Donor-advised funds make sense especially for clients who give to multiple charities, said Ms. Featherngill, a member of the American Institute of CPAs' personal financial planning executive committee. If a client is giving to one charity, like a church, however, it's easy to bunch charitable contributions with using a donor-advised fund, she said.
Using qualified charitable distributions is another planning maneuver that has become more valuable under the new tax law. According to FreeWill, an online philanthropy and estate-planning service, there was an average 74% increase in the number of QCDs made to charities last year versus 2017.
QCDs allow a taxpayer over the age of 70½ to give money directly to charities using money from a traditional individual retirement account. Total annual QCDs can't exceed $100,000 for an individual. These distributions are now the "only way to receive a meaningful income tax benefit from charitable contributions" for many donors over 70 years of age, according to a FreeWill report.
QCDs offer two large benefits: distributions count toward satisfying an individual's annual required minimum distribution and are excluded from the taxpayer's income.
For example, let's consider a client — a retired married couple ?— with $100,000 of adjusted gross income and $20,000 of itemized deductions before charitable contributions are included. The client has a $12,000 RMD this year, and wants to give it to charity.
Using a QCD, the client would have $75,600 of taxable income ($100,000 minus the standard deduction). However, if the client were to take the $12,000 IRA distribution and then make a $12,000 charitable contribution, the client's taxable income would swell to $112,000 and itemized deductions would increase to $32,000 ?— for a net taxable income of $80,000.
The QCD here would decrease the client's net taxable income by $4,400.

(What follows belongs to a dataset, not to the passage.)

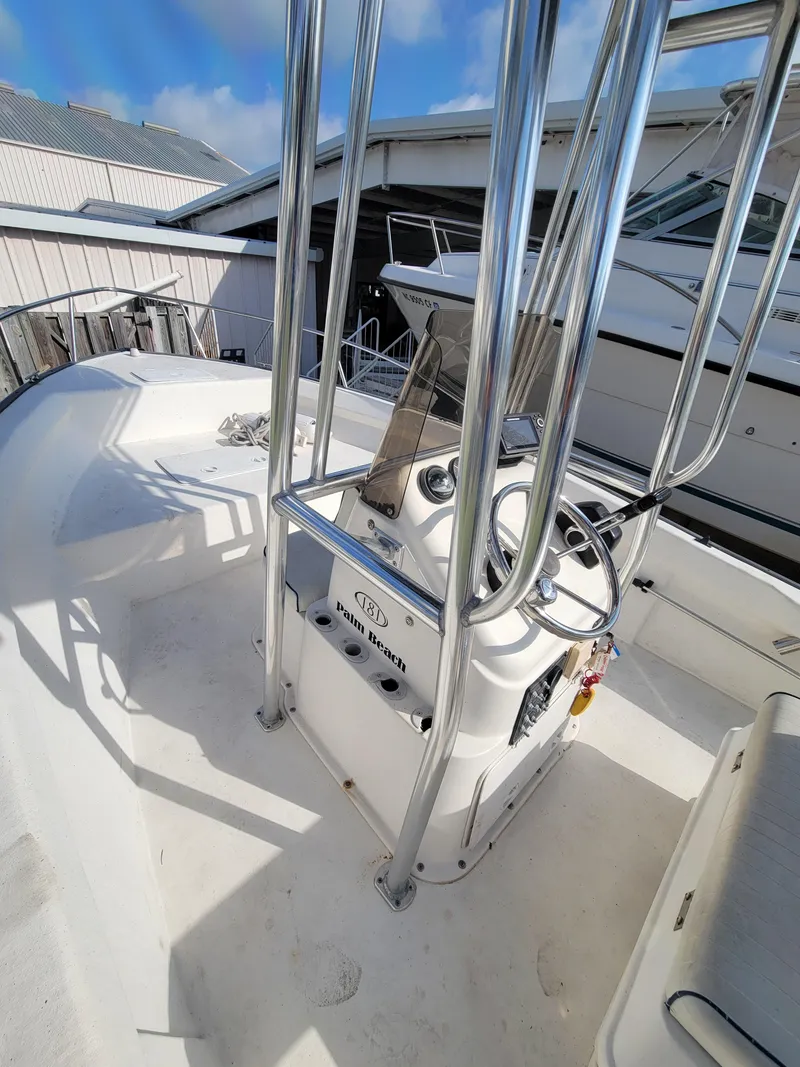 Slide: The Image of 2005 Palm Beach 181 boat interior with steering console and chrome railings. - 6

The SECURE Act, retirement legislation currently being debated in Congress, could change how some wealthy clients give to charity. The bill, which passed 417-3 in the House of Representatives and is currently awaiting passage in the Senate, would eliminate the "stretch IRA."

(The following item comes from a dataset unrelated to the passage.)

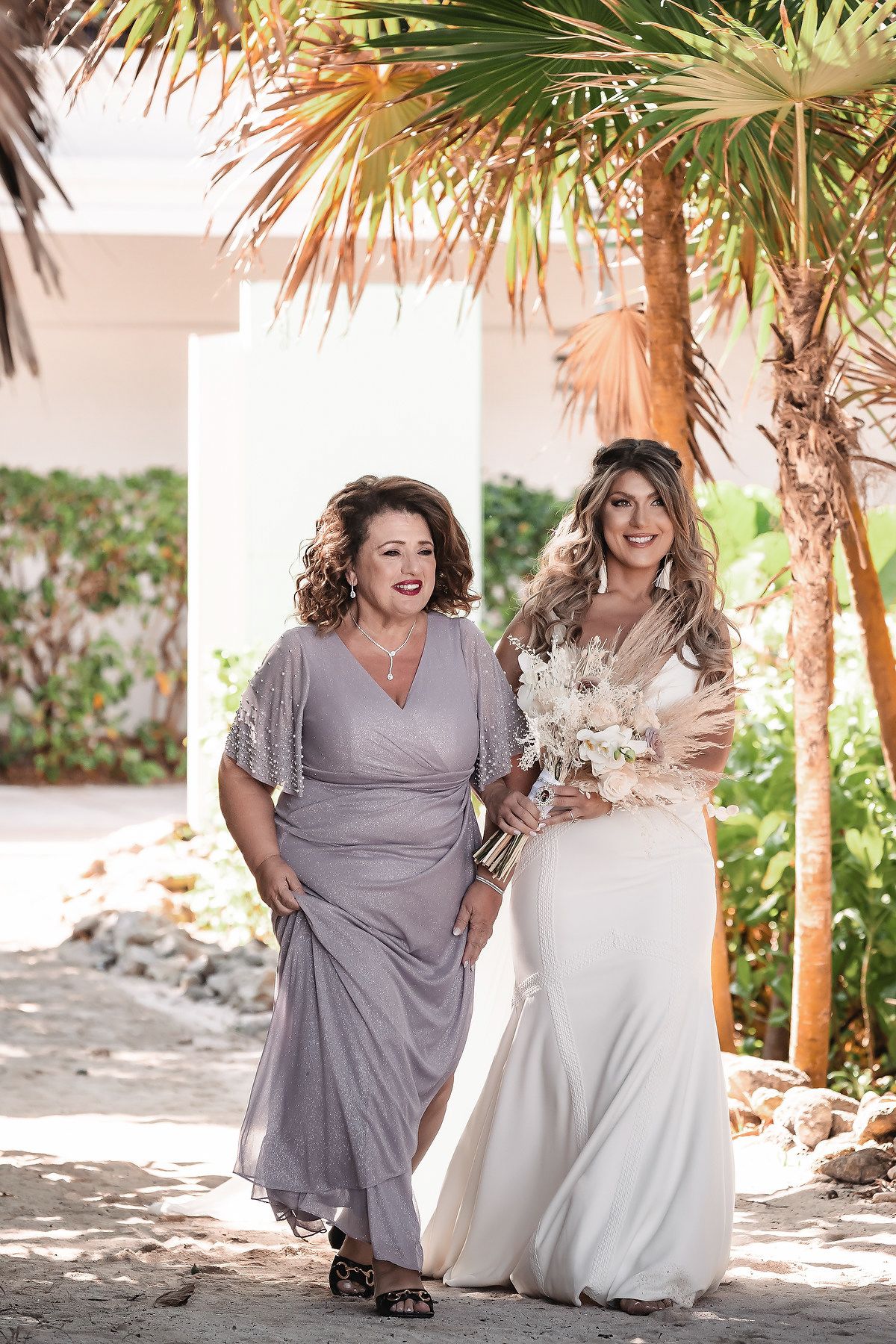 Bride in white gown walks with woman in lavender dress near palm trees at outdoor wedding venue.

Non-spouse beneficiaries of inherited IRAs can currently stretch account distributions over their life expectancies, granting a potent estate-planning tool to wealthy families. But the SECURE Act would compress those distributions into a 10-year time frame.
A charitable remainder trust could mimic the tax benefits of the stretch IRA if the SECURE Act is passed, as some expect to happen this year or next.
The trust would be funded by IRA assets upon the death of the account owner, and the trust would pay a regular income stream to beneficiaries over their lifetimes (or another specified time period). A predetermined charity would get the trust's remaining assets once beneficiaries die.
"I would say this is the trust that most closely replicates the benefits of a stretch IRA," Mr. Levine said. "For those with larger IRAs, I could definitely see them incorporating this."
Even absent the SECURE Act, the individual income-tax provisions in the 2017 tax law are scheduled to expire in 2026, and revert back to prior rules, unless Congress renews them.